EXERCISE BRIEF = Restate word for word the lines below that run from the one holding "Birou DacEnergy©, pe" through the one holding "Suchy basen 110x40cm", inclusive. Pictures don't belong in the copy.
DATA TO EXAMINE below:
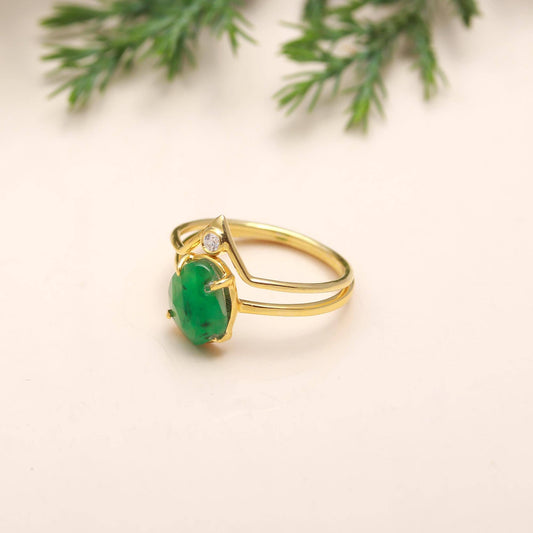 925 Sterling Silver Zambia Emerald Stackable Ring Size 9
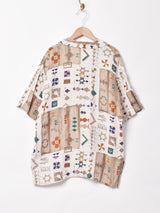 総柄 オープンカラー 半袖シャツ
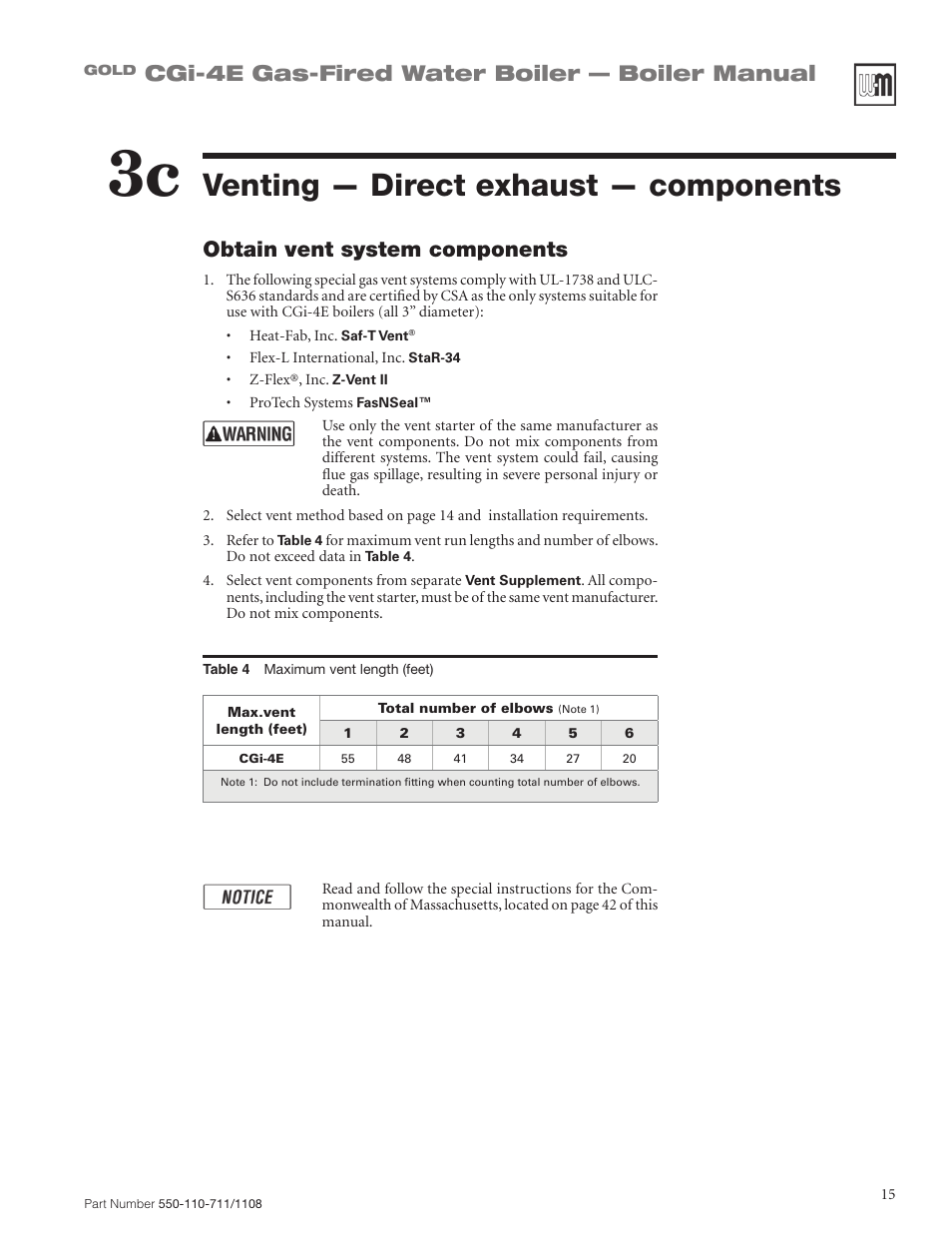 Venting — direct exhaust — components, Cgi-4e gas-fired water boiler — boiler manual, Obtain vent system components | Weil-McLain GOLD CGI-4E User Manual | Page 15 / 68
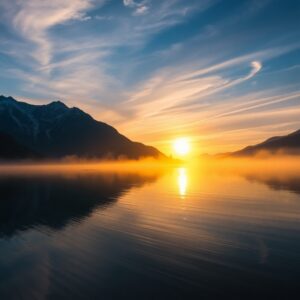 Breathtaking Sunrise over Serene Lake – free AI stock image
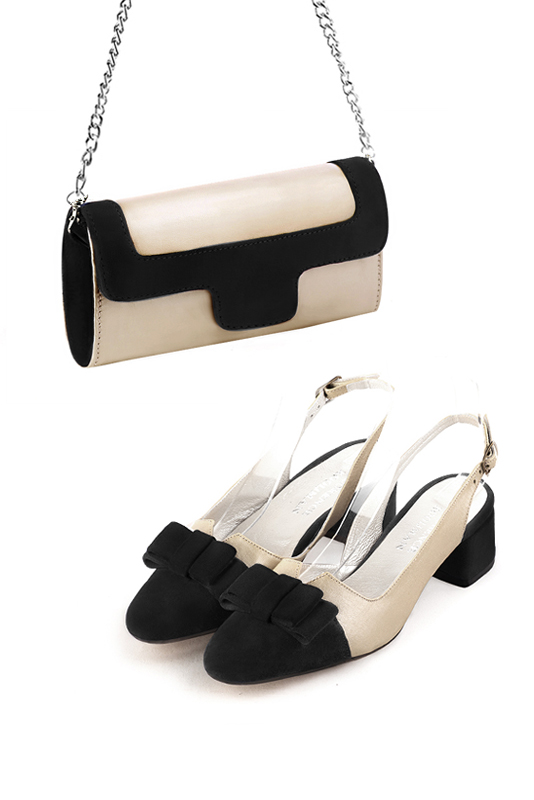 Pochette femme mariage cérémonie cuir or et noir mat - Vue porté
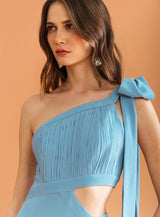 SK Blue One Shoulder Long Dress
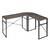 Birou DacEnergy©, pe colt, structura din metal, blat din PAL melaminat, asamblare usoara, design industrial, 123 x 72 x 103 cm, finisaj maro inchis si negru - - Roveli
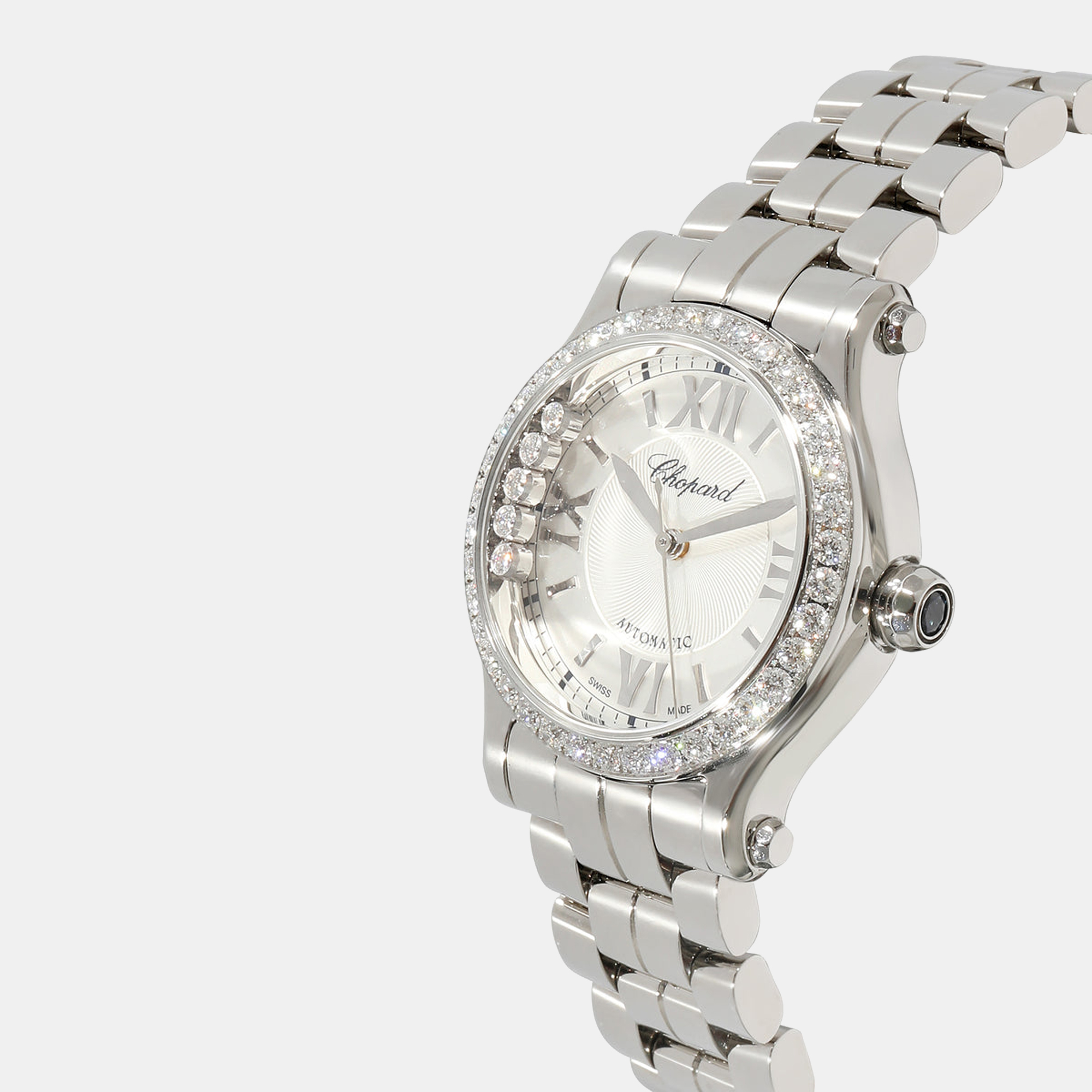 

Chopard Silver Diamonds Stainless Steel Happy Sport 278573-3014 Women's Wristwatch 30 mm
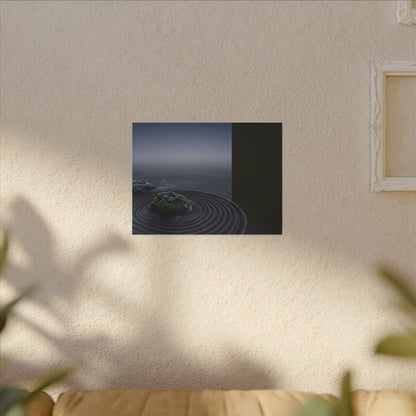 Ma Rock Garden Canvas Art - Dark Japandi Moody Minimal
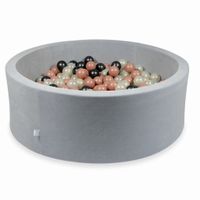 Suchy basen 110x40cm Velvet Soft Jasnoszary z piłeczkami 500szt (różowozłote, opalizujące, metaliczny grafit)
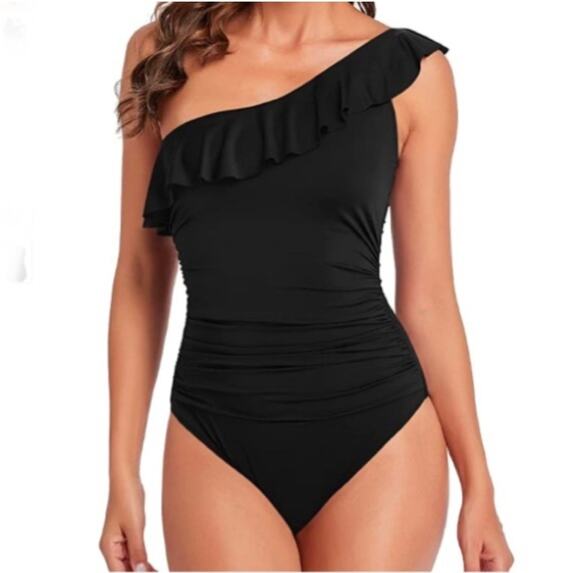 Dokotoo Other - Dokotoo Ruffled One Shoulder Swimsuit NWT M One Piece Black Ruched Beach Summer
End of DATA TO EXAMINE.
WRITTEN SOLUTION =
 Birou DacEnergy©, pe colt, structura din metal, blat din PAL melaminat, asamblare usoara, design industrial, 123 x 72 x 103 cm, finisaj maro inchis si negru - - Roveli

Chopard Silver Diamonds Stainless Steel Happy Sport 278573-3014 Women's Wristwatch 30 mm
 Ma Rock Garden Canvas Art - Dark Japandi Moody Minimal
 Suchy basen 110x40cm Velvet Soft Jasnoszary z piłeczkami 500szt (różowozłote, opalizujące, metaliczny grafit)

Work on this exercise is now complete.